Pakar Hukum: Kasus Emirsyah Satar di Kejaksaan Ne Bis in Idem
jpnn.com, JAKARTA - Kejaksaan Agung (Kejagung) telah menetapkan mantan Direktur Utama PT Garuda Emirsyah Satar sebagai tersangka dugaan korupsi dengan nilai kerugian negara hingga Rp 8,8 triliun di maskapai pelat merah itu.
Emirsyah Satar menjadi tersangka korupsi terkait pengadaan dan sewa pesawat CRJ 1000 serta ATR 72-600.
Seperti dalam kasus yang ditangani KPK, Emirsyah Satar juga ditetapkan sebagai tersangka oleh Kejagung bersama mitra bisnisnya, Soetikno Soedarjo selaku Dirut PT Mugi Rekso Abadi (MRA).
Dua kasus korupsi yang menyeret eks Dirut PT Garuda Indonesia di KPK dan Kejagung tersebut pun menjadi sorotan.
Pasalnya, perkara yang ditangani baik di KPK maupun Kejagung dinilai saling beririsan.
Bahkan diduga dalam kasus ini berlaku asas Ne Bis In Idem, yakni kesamaan dalam objek perkara atau dengan kata lain terjadi pengulangan kasus.
Lantas bagaimana dengan kasus eks Dirut Garuda Emirsyah Satar, apakah benar berlaku asas Ne Bis In Idem?
Terkait hal ini, pakar hukum pidana yang juga dosen Fakultas Hukum Universitas Trisakti, Abdul Ficar Hadjar turut angkat bicara.

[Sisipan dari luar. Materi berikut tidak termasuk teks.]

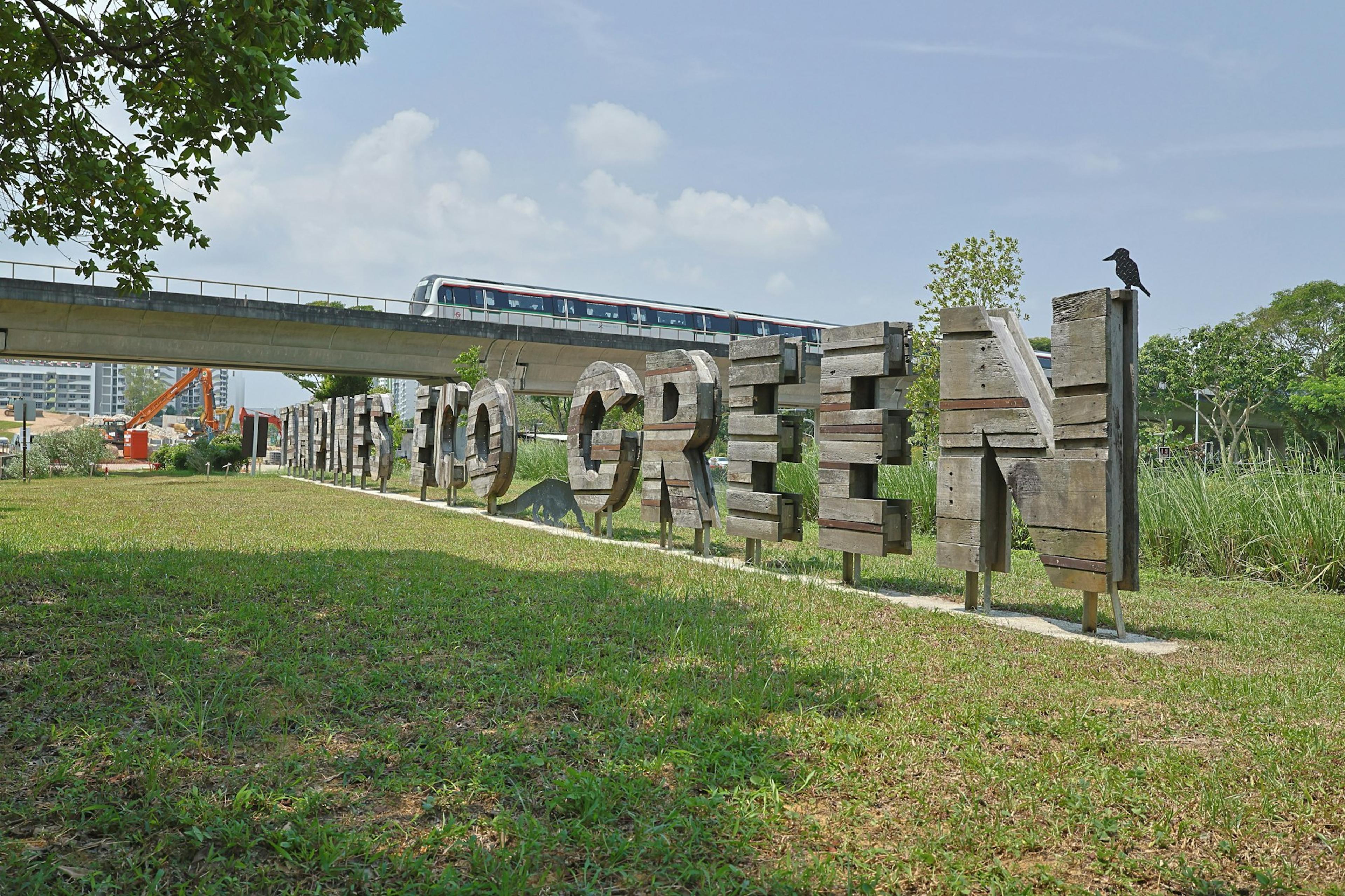 An MRT train passing the Tampines Eco Green sign beside a grassy field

"Sebenarnya bisa disimpulkan begini, dari keseluruhan perbuatan itu oleh KPK disimpulkan bahwa berujung pada atau berinti pada gratifikasi. Penerimaan yang dilakukan oleh seseorang berkaitan dengan jabatannya yang kemudian itu juga dikualifikasi sebagai bagian dari tindak pidana korupsi. Yang harus dipertanyakan adalah mengapa KPK ketika dulu mengusut pertama tidak fokus pada perbuatan yang sekarang diadili atau diambil alih oleh kejaksaan," ungkap Abdul Ficar di Jakarta, Sabtu (14/10).
Lebih lanjut menurut Abdul Ficar, jika kasus tersebut dirunut kembali dari awal maka perbuatan Emirsyah Satar menjadi penyalahgunaan kewenangan atau perbuatan melawan hukum yang menguntungkan pribadi dan merugikan negara, maka mau tidak mau menjadi pengulangan atas apa yang sudah dilakukan oleh KPK.
"Yang jadi pertanyaannya kan kenapa KPK dulu tidak menuntut dengan pasal 2 atau pasal 3 UU Korupsi tapi lebih memilih pada pasal-pasal gratifikasi yang dilakukan oleh KPK. Nah itu yang menjadi pertanyaan besar sebenarnya itu," ujar Abdul Ficar.
Kemudian, lanjut dia, fokus persoalannya adalah apakah perbuatan yang pernah dikualifikasi dalam satu tuntutan tertentu itu bisa diadili lagi.
"Ne Bis In Idem diatur dalam pasal 76 itu dinyatakan bahwa kecuali dalam hal putusan hakim yang mungkin masih diulangi, orang tidak boleh dituntut dua kali karena perbuatan yang sama, perbuatan yang oleh hakim di Indonesia, terhadap dirinya telah diadili dengan putusan yang menjadi tetap," ujar dia.